Ainsi Caroline Fontaine, enseignante en mathématiques à l’École Saint-Joseph à Saint-Hyacinthe, considère que l’attention portée à la fois aux connaissances et aux compétences entraînera une double évaluation, ce qui risque d’alourdir la tâche. Elle se demande comment pourront être faits ces changements alors que l’on vient tout juste de concevoir du nouveau matériel pédagogique que l’on ne pourra pas transformer du jour au lendemain.

Jean Pouliot, enseignant en physique au Collège de Lévis, s’inquiète lui aussi de la surcharge de travail. Bien qu’on ait réduit les compétences de quatre à trois dans le nouveau bulletin, l’évaluation de chacune de ces compétences équivaut à tripler la tâche. Selon lui, les changements proposés sont surtout du maquillage qui cache l’absence d’une remise en cause sérieuse: la nouvelle approche n’a jamais fonctionné parce qu’une compétence ne se pondère pas et que la réforme se base sur des principes qui ne sont pas applicables dans l’enseignement des sciences.

Les enseignantes et enseignants ne cessent de subir les conséquences de la cacophonie qui se reproduit depuis que la réforme a été implantée. Celle-ci a été imposée trop rapidement, en laissant en plan les enseignantes et les enseignants mal préparés, sans matériel pédagogique adéquat.
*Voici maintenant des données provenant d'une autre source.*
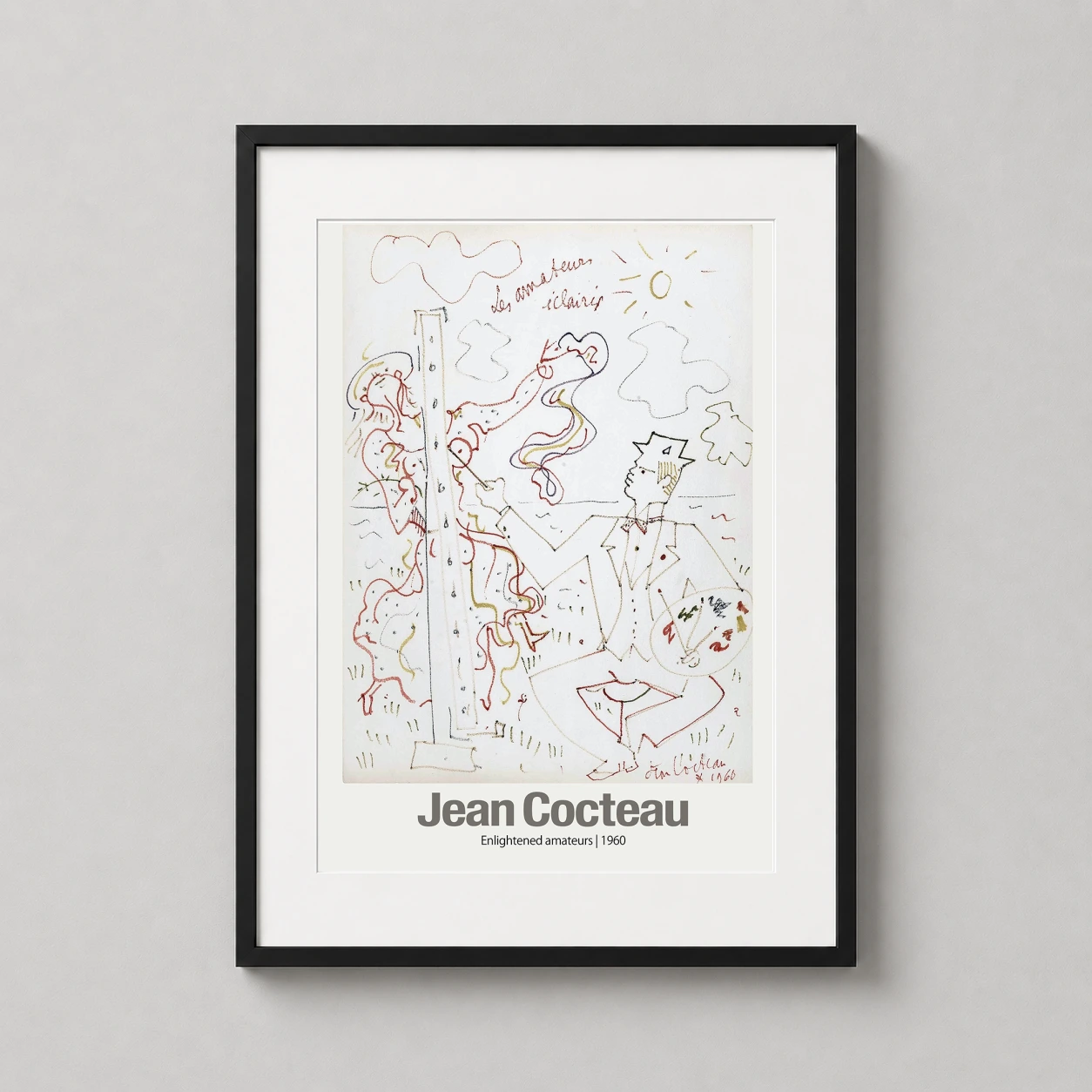 Room mockup of Jean Cocteau Enlightened Amateurs 1960 Modern Art Print, displayed as framed wall art in a living room setting as a portrait print with yellow, gold, and red tones.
Au lieu d’être rassembleuse, elle mettait de l’avant des principes qui soulevaient de vives controverses.

Elle a été corrigée par la suite sans aucune excuse de la part du MELS pour ses errements, ses erreurs de jugement et pour l’instabilité dans laquelle elle a plongé les enseignantes et les enseignants. Elle poursuit son cheminement chaotique, en avançant et en reculant à la fois. Tout cela avec très peu de consultations des enseignantes et enseignants, comme si ces derniers ne se retrouvaient pas à tous les jours devant les groupes de jeunes, à continuer bravement à transmettre leur savoir, en dépit des hésitations et des turbulences dont ils ne sont en rien responsables.